Mirae Asset Global Investments, which manages $135 billion in assets globally, is maintaining its overall constructive outlook for the India market despite the country’s cloudy growth forecast.
Recent consumption-related indicators, including auto sales and imports, have trended weaker, but CIO Rahul Chadha (pictured below) is confident that a policy response-led pick up from the second half of 2019, will enable India to move into the next stage of development.
‘From a global context, in the current environment of global secular stagnation, India stands out with superior expected growth over the next three to five years,’ he told Citywire Asia.
Developed markets typically trade at a premium due to their stronger institutional framework. Chadha believes that with good governance led by Prime Minister Modi, India is making strides in strengthening its institutional framework, which provides a floor to GDP growth.
‘Moreover, with ongoing US-China trade issues, India is one of the less export-reliant and more domestic-oriented economies and should remain more resilient.
‘Multinational companies have already begun to explore shifting production facilities outside China. India, with a large working-age population, could be one of the prime beneficiaries of this,’ he said.
In terms of valuations, Mirae Asset believes Indian equities are still at a reasonable level and this is a good opportunity to be invested. The India market has year-to-date underperformed Asia ex-Japan, so this appears to be a good entry point.
In the consumer discretionary sector, the South Korean manager sees opportunities in jewellery and air conditioning companies. The firm also likes the Indian financials sector for its attractive risk-reward in select corporate banks, which have seen improvement in their balance sheets.

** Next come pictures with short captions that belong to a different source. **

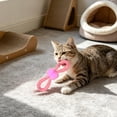 thumbnail image 6 of Mesh Tube Bow Tie Cat Toy with Bells, Crinkle Sound Interactive Teething Wand for Kittens, Chew Ring for Anxiety Relief and Boredom, 6 of 6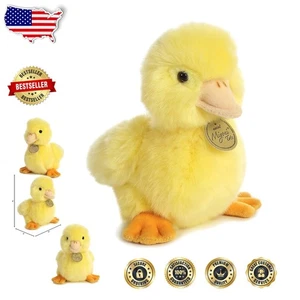 Adorable peluche de patito Miyoni cosido a mano - 7,5 pulgadas de alegría tierna - Imagen 1 de 6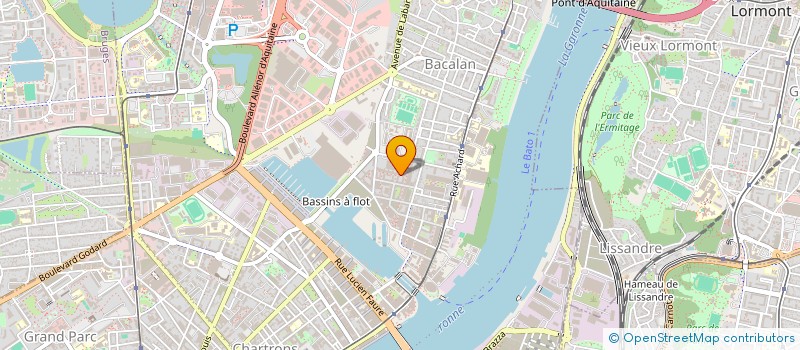 localisation de l'entreprise MADAME SALIMA DJEMOUI  BORDEAUX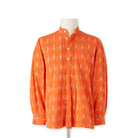 Orange Ikat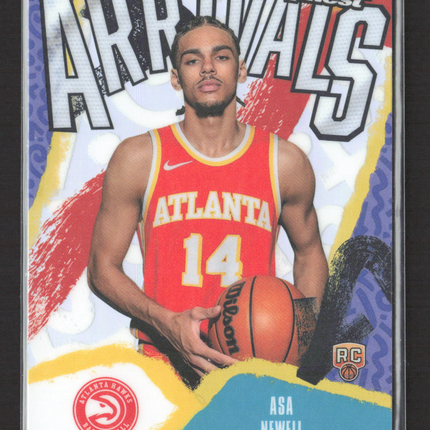 2026 Topps Finest Arrivals Asa Newell #A-23 Refractor RC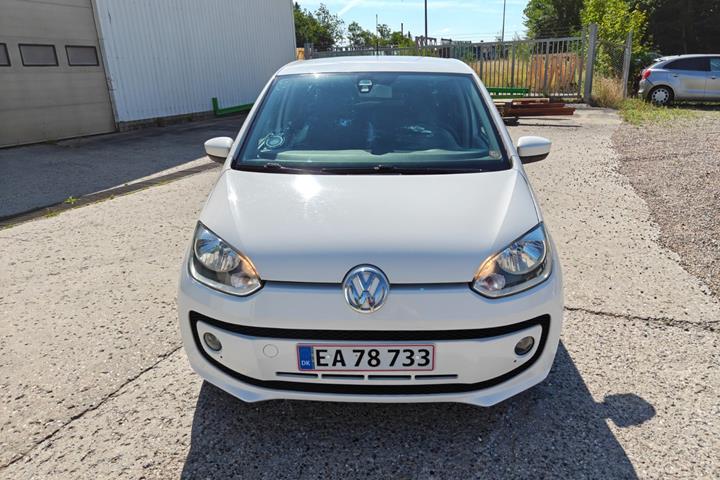 Gul VW UP! fra 2013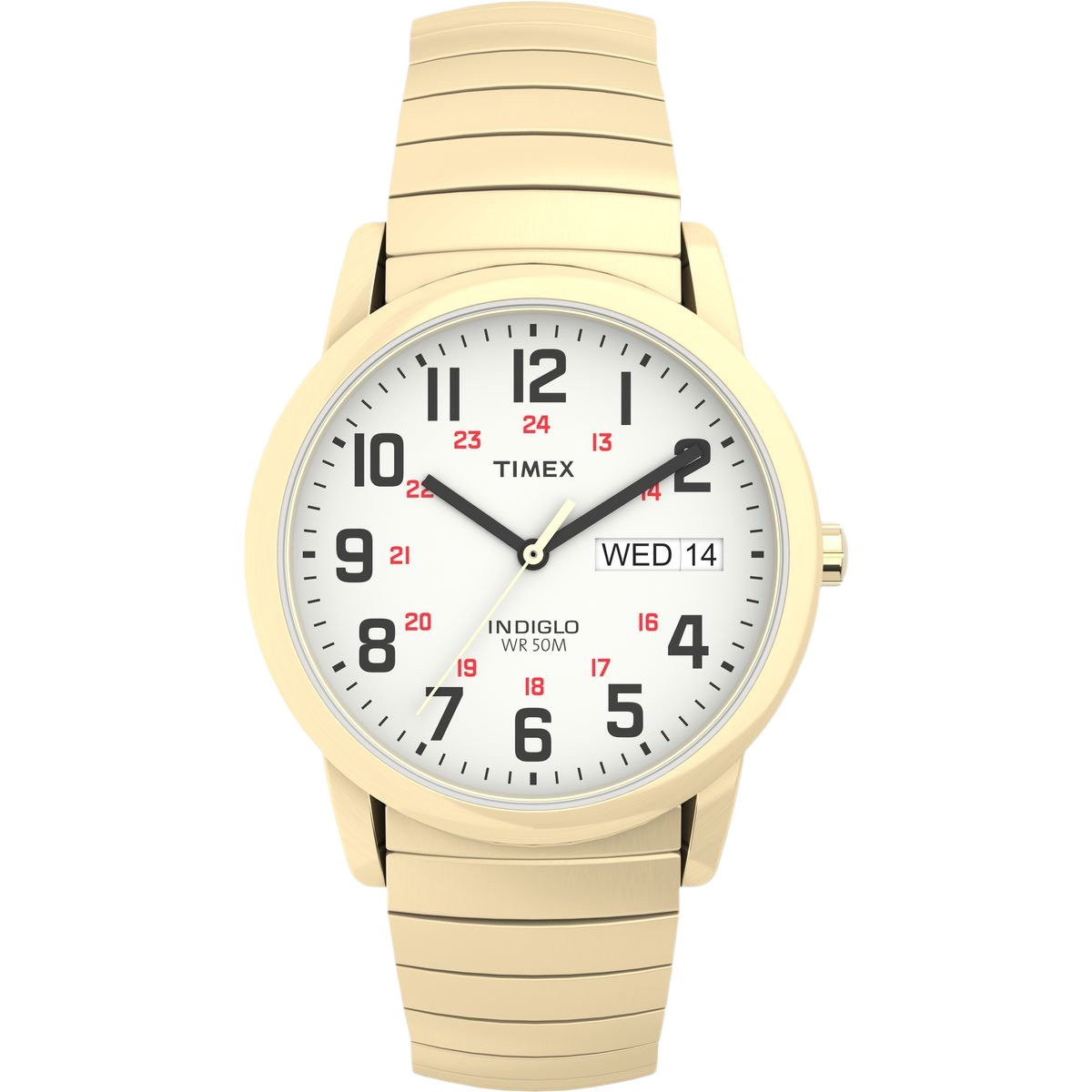 Timex Easy Reader Round 35mm White Dial Analog Men Watch - T20471UJ
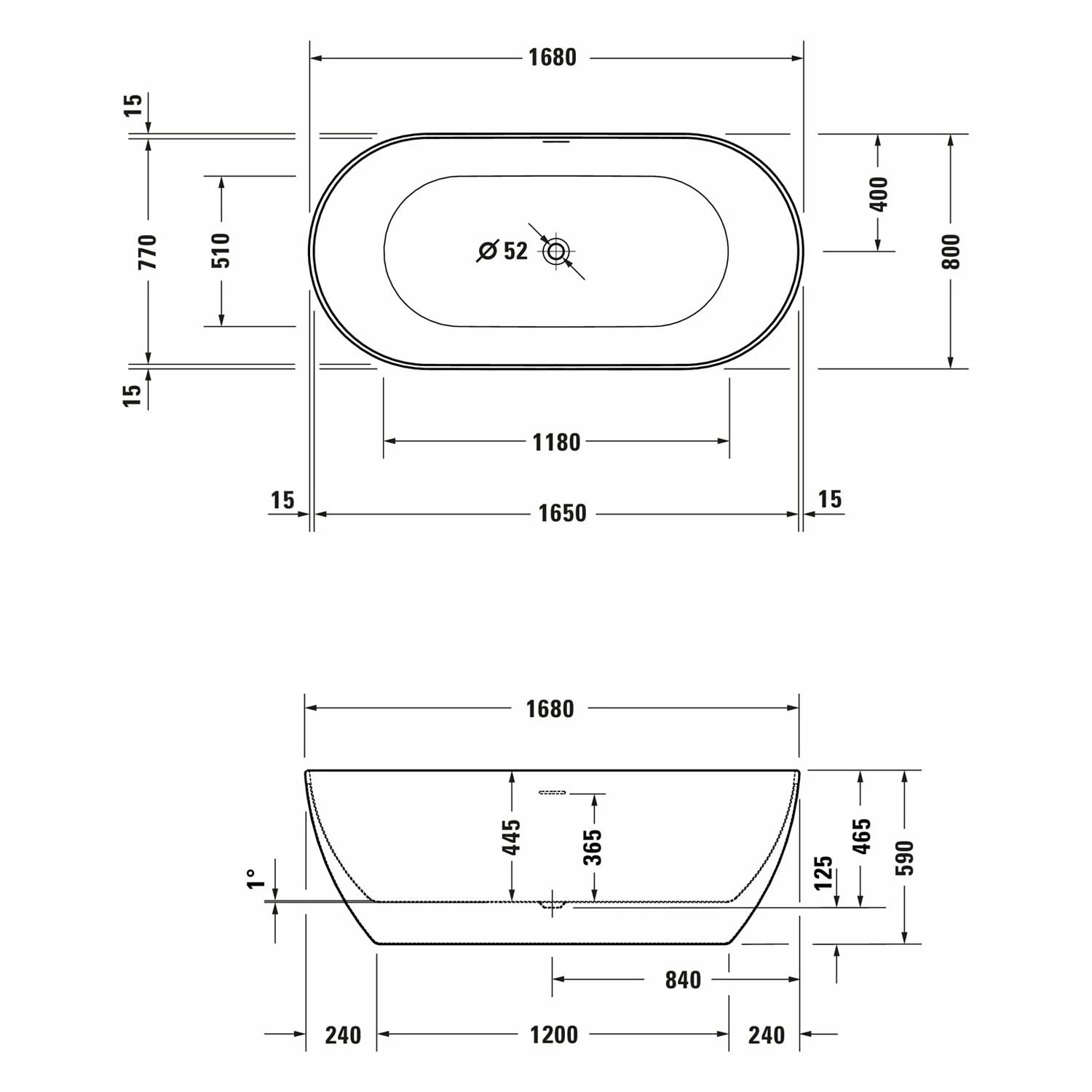 Duravit DuraKanto Badewanne 170 X 80 Cm 6 Duravit DuraKanto Badewanne 170 X 80 Cm – Bild 4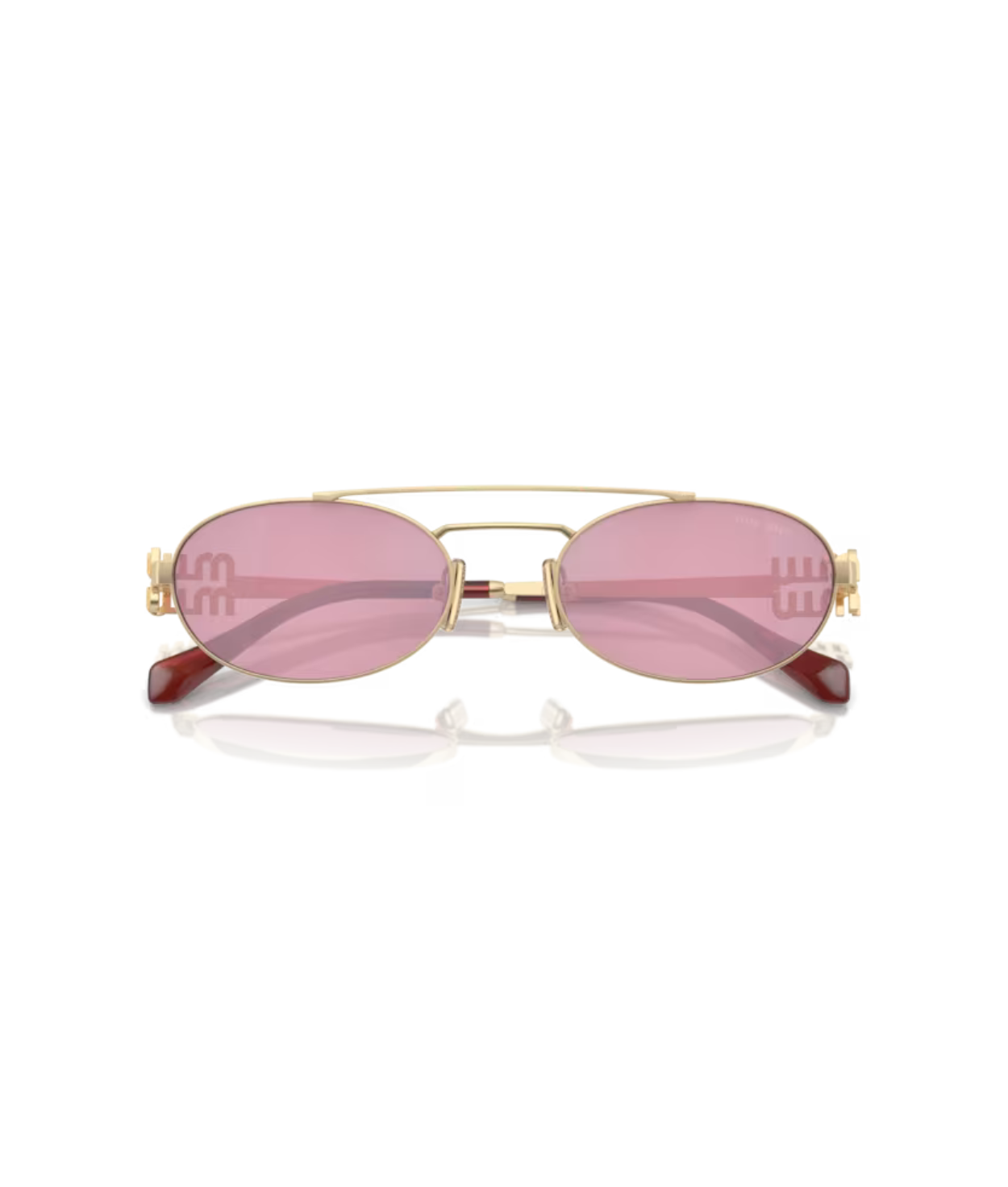 Pale Gold-Dark Pink Silver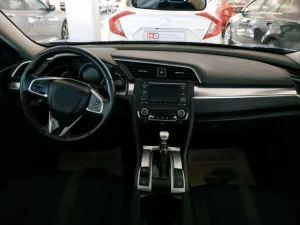 Honda Civic Uyumlu Fc5 2016-2021 İç Konsol Kaplaması 9 Parça - Silver thumb 4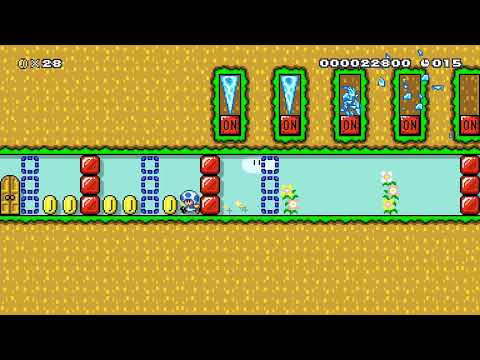 ◆◇◆◇On/Off Switch Speedrun◇◆◇◆ by liam982 🍄Super Mario Maker 2 ✹Switch✹ No Commentary #cqs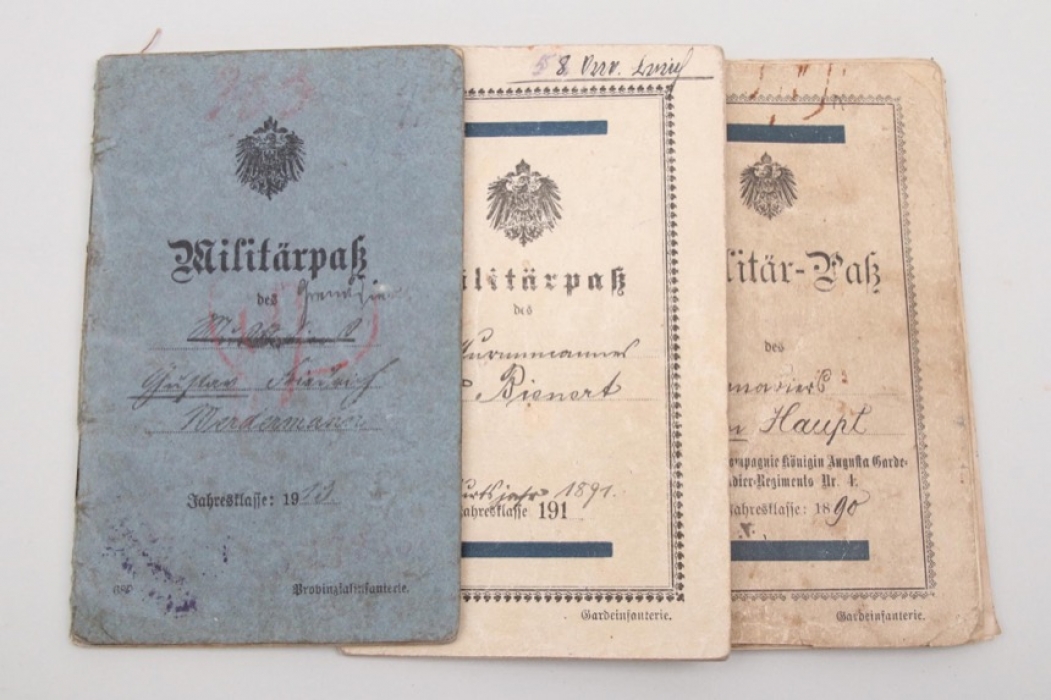 3 x military IDs pre 1918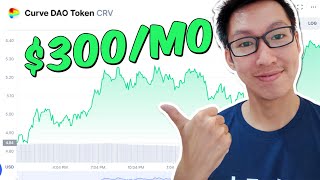 Curve DAO Token | How I Made $300 A Month Trading Crypto Coins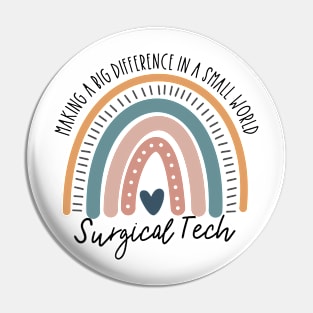 Surgical Tech Boho Rainbow Pin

In the public space, Mirae Asset is eyeing utilities and oil marketing companies that are high return on equity and trade at very attractive valuations.
‘Our view is that there are pockets within Indian equities where valuations appear stretched, and we are more wary of this,’ Chadha said. ‘For example, some of the consumer staples companies have P/E multiples of 45-50x, while growth is slowing.
‘Certain midcaps despite 30-40% price correction have a further downside as stocks are being valued at 20-25x on cyclically high operating margins, we would also be careful of finance companies and banks with weak liability franchise,’ he warned.